I thought that the music and DVD retailer was long since dead and buried after its new owners in the UK rebranded their stores Zavvi, before sadly descending into insolvency. But here in Paris, on a street with some of the world’s highest retail rental rates, the much-loved UK-born brand soldiers on. It’s one of many pleasant surprises to be found of the French capital’s shopping streets.
In fact, the Virgin Megastore chain survives all over France with more than 30 branches owned by Butler Capital Partners and Lagadère Group.
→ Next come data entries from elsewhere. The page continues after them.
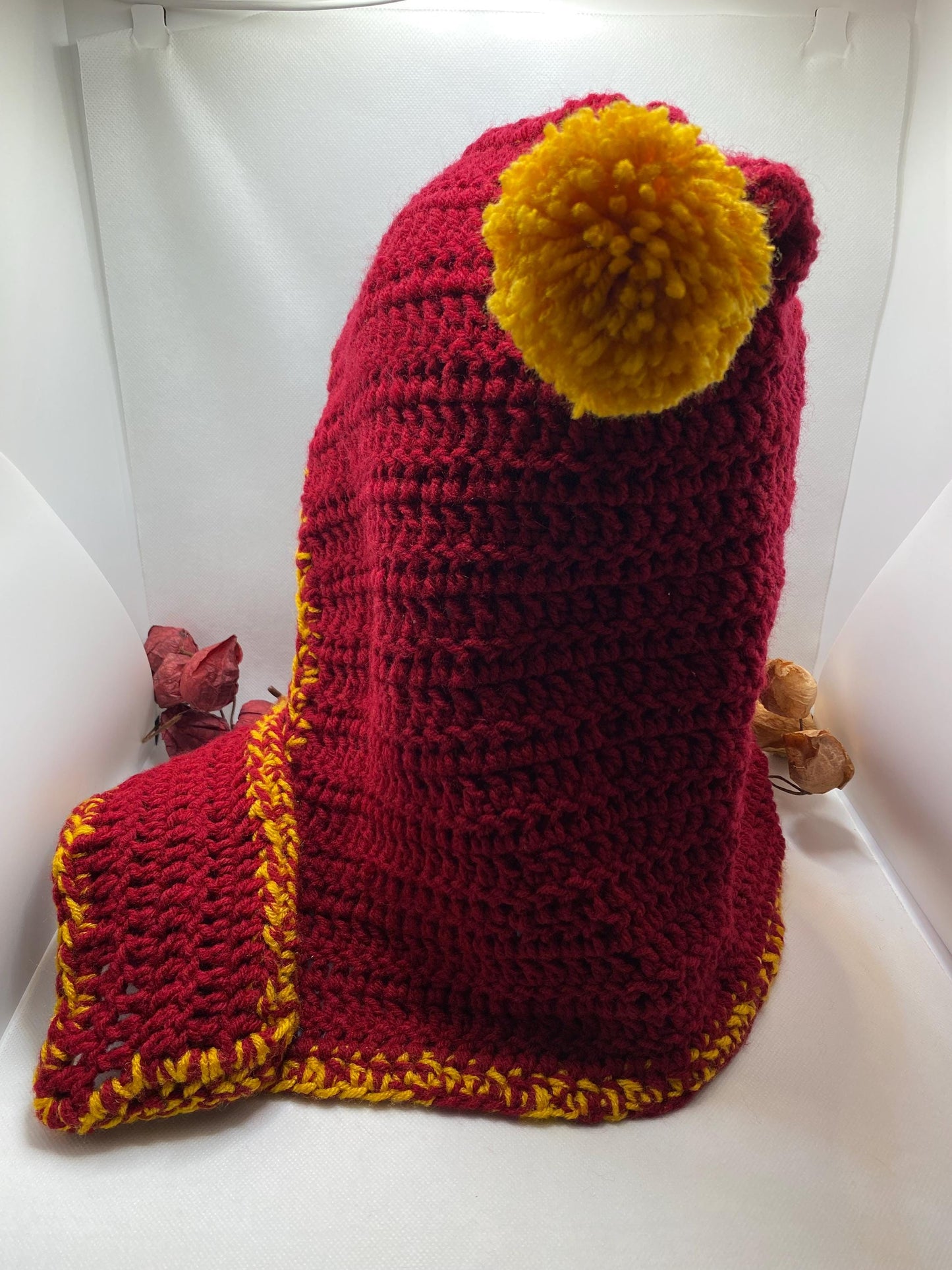 USC Trojans Hooded Crochet Scarf: Cardinal & Gold Team Spirit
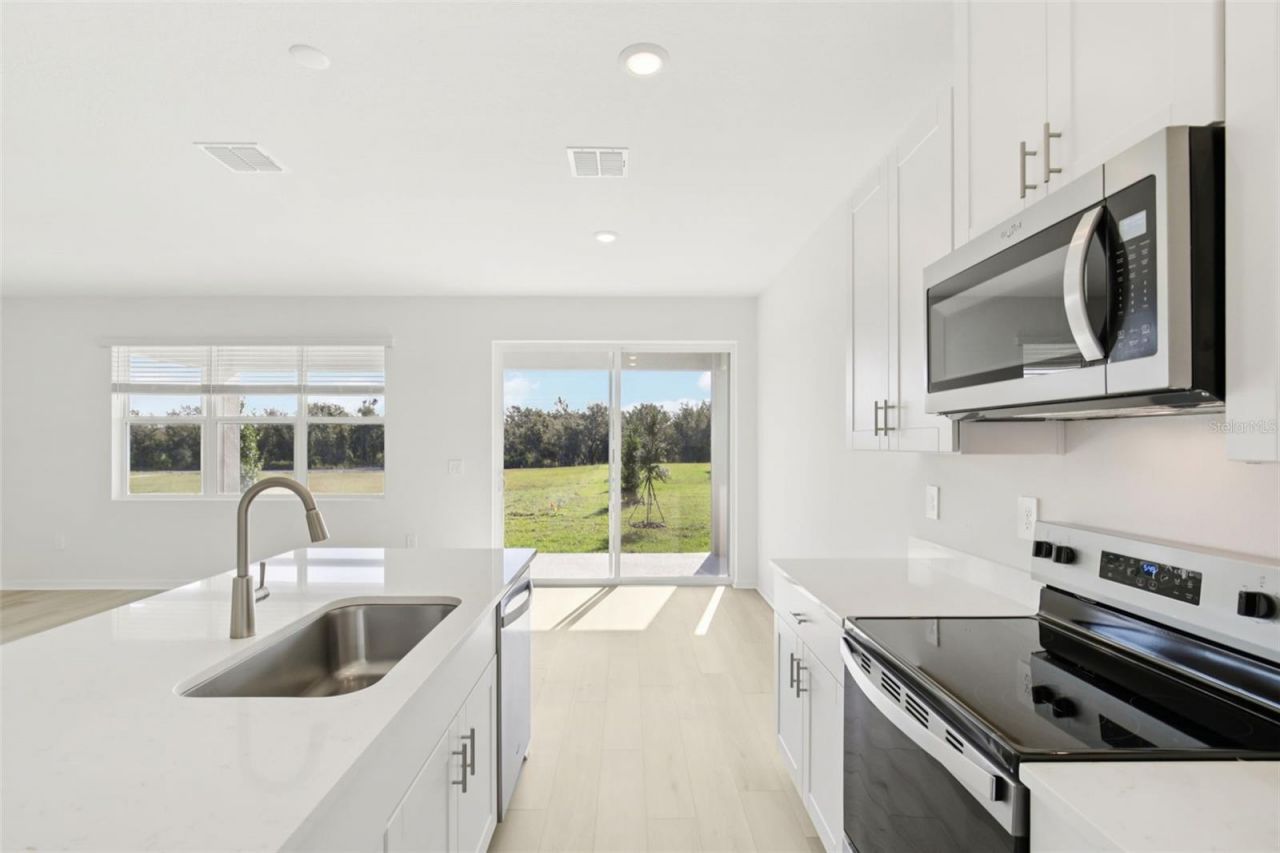 13318 Shellmore Avenue, Palmetto, FL 34221 Photo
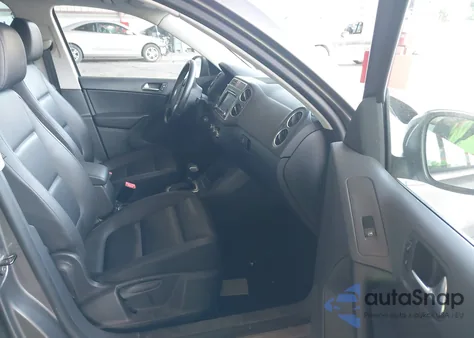 2010 Volkswagen Tiguan Wolfsburg Edition from USA, damaged, VIN WVGBV7AX5AW529548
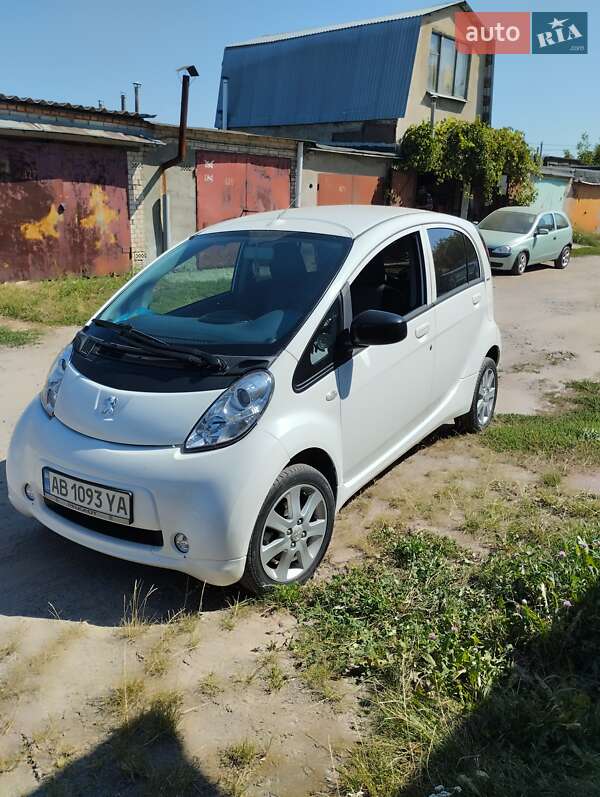 Хетчбек Peugeot iOn 2018 в Вінниці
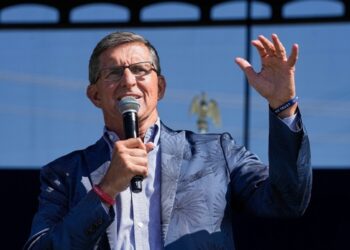 El exasesor Michael Flynn llega a un acuerdo que pone fin a sus alegaciones de persecución maliciosa ante el Departamento de Justicia.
However, they face strong competition from the native Fnac, which would appear to have a more future-proof and robust business model. This chain of entertainment superstores not only sells CDs and DVDs, it also supplies a full selection of books, TVs, computers, hi-fi equipment, mobile phones, MP3 players and basically all things digital, with dedicated areas for a good range of Apple products. In addition, it is a leading ticket agency.
By taking a much broader approach to selling entertainment, Fnac would appear to be better placed to avoid the difficulties that took out Zavvi and are now impacting on HMV/Waterstones. It has been expanding internationally with stores in Belgium, Brazil, Italy, Portugal, Spain, Switzerland and Taiwan, and also has a strong online business. Back in 2007, Fnac has expressed an interest in entering the UK market with a store in London.
This is the third in a series of short postings prompted by a recent flying visit to Paris.